In May 2014, Irish author and humanitarian Don Mullan accepted the Peace Through Truth & Reconciliation Award at CRCC’s Inaugural Gala and introduced his latest initiative: The Christmas Truce and Flanders Peace Field Project– being developed at Messines, Belgium’s smallest city. Nobel Laureate Archbishop Desmond Tutu has described the project as “a gift of the Island of Ireland Peace Process to the European Project and World Peace.”
On Monday, September 22, 2014, Mullan returned to Drew and launched his official tour of The Christmas Truce and Flanders Peace Field Project at a CRCC-exclusive event in Crawford Hall, The Ehinger Center, on Drew University campus.
During World War I, on and around Christmas Day in 1914, fighting ceased on the Western Front and soldiers shared in holiday celebrations and gestures of good will. The truce was popularized by the French film, Joyeux Noël and this year marks the 100th anniversary.
“The world knows about The Christmas Truce but has nowhere to go,” Mullan reasoned. “I have a vision of re-branding the city of Messines – City of the Christmas Truce – a place of pilgrimage and peace building at a sacred location. A location where, 100 years ago, ordinary soldiers on both sides of the Western Front, rediscovered their common humanity during their spontaneous truce.”
While the truce was only temporary and had no real bearing on the progress of the war, the stories that have survived demonstrate that the men who took part were changed, and looked back on their encounters with great emotion. “Their stories, today,” says Mullan, “are a source of inspiration and hope that can be harnessed to inspire new generations of peacemakers. That is my hope, that is my dream.”
Mullan has forged impressive alliances in his efforts. Global soccer legend Pelé and Archbishop Desmond Tutu are patrons of the Christmas Truce and Flanders Peace Field Project. UNESCO’s Programme on Youth Engagement are partners, along with the UN Office on Sport for Development and Peace. The Flanders Peace Field is due to be officially opened in September 2014 by the First and Deputy First Ministers of Northern Ireland, after which, the youth of Europe and the world will be invited to engage in peace building programmes based around the Peace Field and at the Messines Peace Village, a world class youth hostel that can accommodate over 130 youth.

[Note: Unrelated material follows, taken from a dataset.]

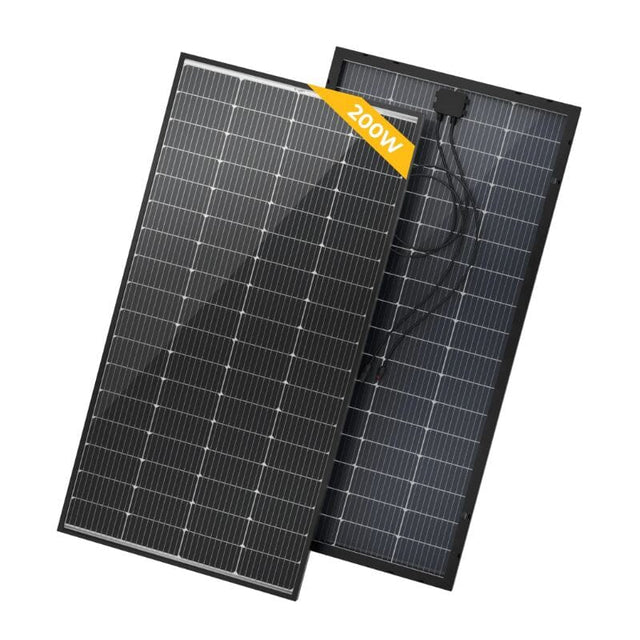 BougeRV 200W Rigid Bifacial Monocrystalline Solar Panel – 10BB Half-Cut Design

Mullan is also developing a major project around St. Nicholas Church, Messines, with the support of the Mayor and local parish, aimed at making Messines a place of pilgrimage for adults of all ages. In the crypt of St. Nicholas Church a young Adolf Hitler recovered from injuries sustained during fighting. “My vision,” says Mullan, “is to make Messines the antithesis of all that Hitler came to represent during the 20th Century. A place where people of goodwill are made welcome and where true dialogue and respect for all humanity can be nurtured.”